Non solo, ma egli contava inoltre

 

various dissertations on the fine arts, some of which appear in a finished state. In the year 1814 Mr. Roscoe had proposed to the writer of this memoir to undertake the translation of Lanzi’s Storia pittorica della Italia, and he engaged to fournish notes, and a preliminary dissertation. I had made considerably progress in the translation, when Mr. Roscoe’s misfortunes, and my own professional avocations, interrupted the work; which has since been well executed by his son, Mr. Thomas Roscoe. Among the papers of my venerable friend, I find a very interesting introductory dissertation, intended for our joint work, tracing the history of the art of painting and sculpture to a much later period than their supposed extinction in the west, indeed almost to within 200 years of their supposed revival by the Pisani and Cimabue. This treatise is in such a state that it might be published, and it would form an excellent introduction to Lanzi’s work. It is entitled, ‘An historical sketch on the state of the fine arts during the middle ages’. I find also a curios dissertation ‘On painters drawings’; another ‘On the origin of engraving on wood and copper’; a third ‘On the engravings of early german school’. There are large fragments also of a work ‘On the etchings of italian painters, which contain much useful information’; and a lecture ‘On the use of prints’, another on the ‘Pratical part of painting’, and two ‘On the origin and progress of taste’. There is also a poem on the origin of engraving, written in 1783, of which there are two copies in MS. I have already mentioned, that the lectures on the origin and progress of taste were extended into a treatise, which is not finished. This is also the case with some dissertations on the state of letters and the arts anterior to the greeks, and their progress among that people. The whole seem to have been parts of a great work on the fine arts, which he left imperfected;

 

e infine un altro trattato «on the fine arts» che lo stesso Traill non esitava a dichiarare addirittura «far superior to any thing on that subject which British literature possesses»[37].

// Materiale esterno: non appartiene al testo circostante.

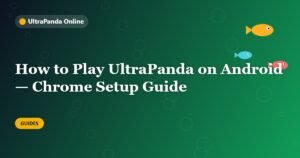 How to Play UltraPanda on Android — Chrome Setup Guide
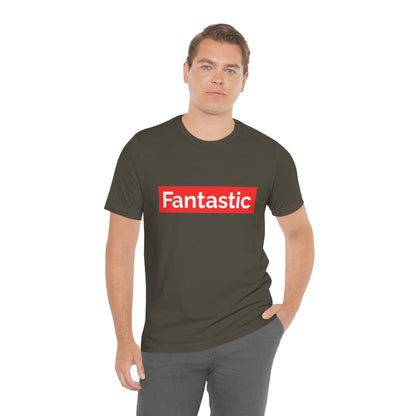 Fantastic - Unisex T-Shirt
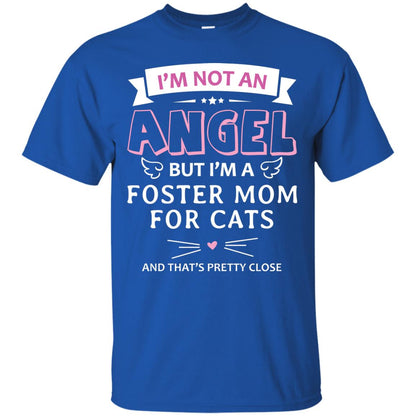 I_m Not An Angle But I_m A Foster Mom For Cats And That_s Pretty Close Shirt Royal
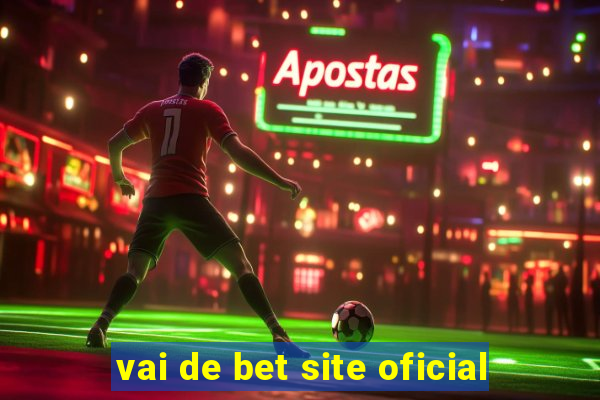 vai de bet site oficial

[33] ROSCOE 1833, vol. I, p. 350.
[34] TRAILL 1853, p. 42.
[35] Roscoe 1833, vol. II, p. 62; LANZI-ROSCOE 1828. La fortuna di Lanzi fu duratura per tutto l’Ottocento inglese: si veda Levi 2005, in part. pp. 34, 46, nota 8. Il 17 luglio del 1806 Henry Fuseli chiedeva proprio a Roscoe una copia di Lanzi in prestito: «I am writing something on art, in which I find it is indispensably necessary for me to consult Lanzi»: WEINGLASS 1982, pp. 348-350.
[36] TRAILL 1853, pp. 15, 18.
[37] TRAILL 1853, pp. 43-45, 47; cfr. ad esempio ROSCOE 1805, vol. IV, pp. 86-88, 90-92.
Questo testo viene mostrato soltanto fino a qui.